Juggling multiple goals

This is the season where goals are on people’s minds, mine included. That said, it’s perfectly fair if your primary goal is “I would like not to be so exhausted by external circumstances in 2022” but sometimes it can be energizing to make a little pile of things that are under your control and do something about some of them.

Admittedly I’m a control freak and identifying something I can do something about gives me the illusion that I’m not just a plaything of fate. So take what follows with that caveat in mind.

One of the challenges with having goals is that we often want a lot of different things at once, and while there’s nothing wrong with having high ambition, there is always the danger of scattering your energy. There’s also the problem of prioritizing: “Make $180,000 this year” and “work only about ten hours a week” are somewhat contradictory for those of us who aren’t independently wealthy.

So one step I always take when I’m looking at what I want to accomplish/attend to is to see how the goals interrelate.
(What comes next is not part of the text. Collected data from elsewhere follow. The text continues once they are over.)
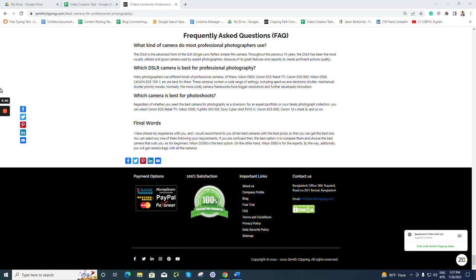So, which DSLR camera is best for professional photography? Well, many photographers use different kinds of professional cameras. Of them, Nikon D850, Canon EOS Rebel T7i, Canon EOS 8D, Canon D500, Canon EOS 1DX2, etc.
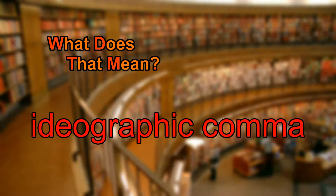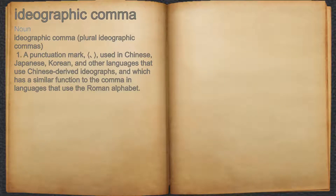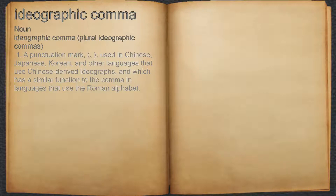What does ideographic comma mean? Ideographic comma. Noun. 1. A punctuation mark, used in Chinese, Japanese, Korean, and other languages that use Chinese-derived ideographs, and which has a similar function to the comma in languages that use the Roman alphabet.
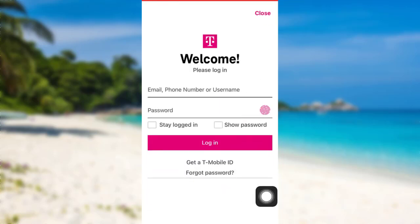After that, you'll be asked to enter your email, phone number, or username of your T-Mobile account. So enter the email, phone number, or username associated with your T-Mobile account, and then enter the password of your account.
If they don’t – “become a pastry chef” and “eliminate sugar from my diet” – I try to see how they could relate: “become a pastry chef who uses the natural flavors of food rather than added sugar to make desserts taste good.”
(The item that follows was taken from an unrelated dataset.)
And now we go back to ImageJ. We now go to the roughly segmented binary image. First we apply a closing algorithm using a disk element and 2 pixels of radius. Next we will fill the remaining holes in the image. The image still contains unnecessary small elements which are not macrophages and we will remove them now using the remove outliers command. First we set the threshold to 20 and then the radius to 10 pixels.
If I don’t like how they relate, then I have to figure out which is my most important goal, and let go of the other: “I really want to be a traditional pastry chef and that will mean having some sugar in my diet and that is just going to have to be okay.” Life is imperfect. Accepting this is helpful for my mental health.

Sometimes I don’t know how to make goals relate: I want to make progress on a lot of things and all of them are of equal importance: I want Club Ed to succeed but I also have personal goal for my own writing. Taking time to do one takes away time from the other.

One thing I do to reconcile these competing goals is to realize that there is value in pursuing both – being a writer makes me a better teacher of storytelling techniques/editing, and being a teacher of storytelling techniques/editing makes me a better writer. So I give some time in my day to both, recognizing that this will make each goal take a little longer to achieve but that the synergy creates something that wouldn’t happen if I tabled one or the other.

Additionally, I often plan my work in themes: there are naturally some times of year when Club Ed is slower (right now, these times are summer and around the time of the winter holidays – late November into early January). These are natural opportunities for me to spend more time on my own writing.

Having lots of things you want to accomplish doesn’t have to mean scattering your energy or defeating your own purpose. But it does mean you to have pay attention to figuring out how to make them work together.